Getting Metro to mesh well with VRE and MARC systems was simultaneously easier and more complex than I was expecting. It’s obviously hard to find a good color scheme for 11 lines is not what I would call easy. And then there was the question of scale. I think this schematic for metro is more geographically accurate than the existing metro map, but I found myself extending lines just as often as I was truncating them. This was intensely frustrating, but I tried to remind myself that this needed to be effective as a schematic, demonstrating relative distances even if they lacked precision.

I’d love to have your feedback, both on the execution and the theory behind the concept.


Transit Maps says:

This is an undeniably simple idea – treating Metro, VRE and MARC as one integrated commuter rail system serving the Greater DC area – even if regional politics would almost certainly preclude it from ever actually happening. (As well as the whole issue of timetabling, with Metro running frequent service all day, and MARC and VRE really only running rush hour commuter services… let’s just assume that in Nick’s fantasy world, all those pesky details are ironed out when the three agencies merge.)

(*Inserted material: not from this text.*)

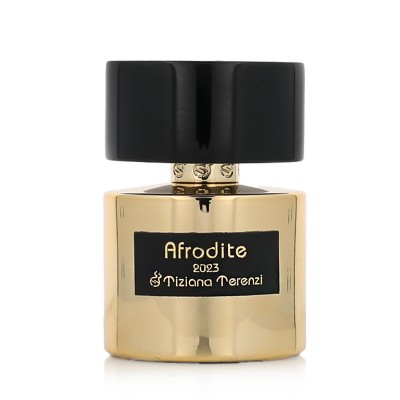 Tiziana Terenzi Afrodite Extrait de parfum 100 ml kvepalai unisex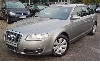 Audi A6 Avant 3.0 TDI DPF quattro Tiptron NAVI LMF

I do agree that Metro can seem more akin to commuter rail than urban rapid transit: it brings people from the suburbs to and from the central employment areas perhaps more effectively than moving them from place to place within the District – compare the web-like structure of Paris’ Métro to the hub-and-spoke nature of DC’s namesake and you’ll get an idea of what I’m talking about. So, Nick’s map – though implausible – does offer an interesting alternative perspective on transit in the Greater DC area.

The map itself is quite nicely drawn, with some obvious Vignellian influence. The newly-minted names for each route give good local flavour, but do present a bit of a problem for colour-blind users, as they’re the only way to identify which line is which. Unfortunately, some of the line colours (especially Manassas, Montgomery and Prince George’s) can look very similar for these readers. The official Metro map’s lettered bullets (”BL, “RL”, etc.) at the end of each line help alleviate this problem; maybe Nick could consider something similar.

The large area that the map covers – and the hub-and-spoke nature of the network that I mentioned previously – means that there’s a lot of empty space around the edge of the map. Although Nick is keen to emphasise the relative distances covered by the system, I do think he could tighten the map up a bit and also make the labels for the stations just a bit bigger. Everything just feels a little distant and small at the moment.

Minor tweaks: the Green/Prince George’s line should cross over the pink/brown lines, as it’s getting lost underneath them at present, especially with the change in direction being hidden. I’d also nudge the angled Blue/Arlington corner down next to Courthouse until it lines up with the 90-degree corner of the Silver/Dulles line, just to be a little neater. One typo: it should be Arlington Cemetery, not Cemetary.

I’m not sure how I feel about all the county boundaries: it just seems so parochial, as well as cluttering up the map with a whole heap of dashed lines, especially when it gets to outlying counties that don’t even have rail service. Then again, it does help with rapid orientation for users. Finally, I’m always sad when the “District diamond” doesn’t make a perfectly symmetrical shape: Nick’s left side is just a little lower than his right.

Our rating: An interesting – and perhaps a little sardonic – reimagining of rail transit in the Greater DC area. I like the thought put into the concept, and the map’s not bad either. Some tweaking could perhaps tighten the layout up some more and really make it sing. 3 stars.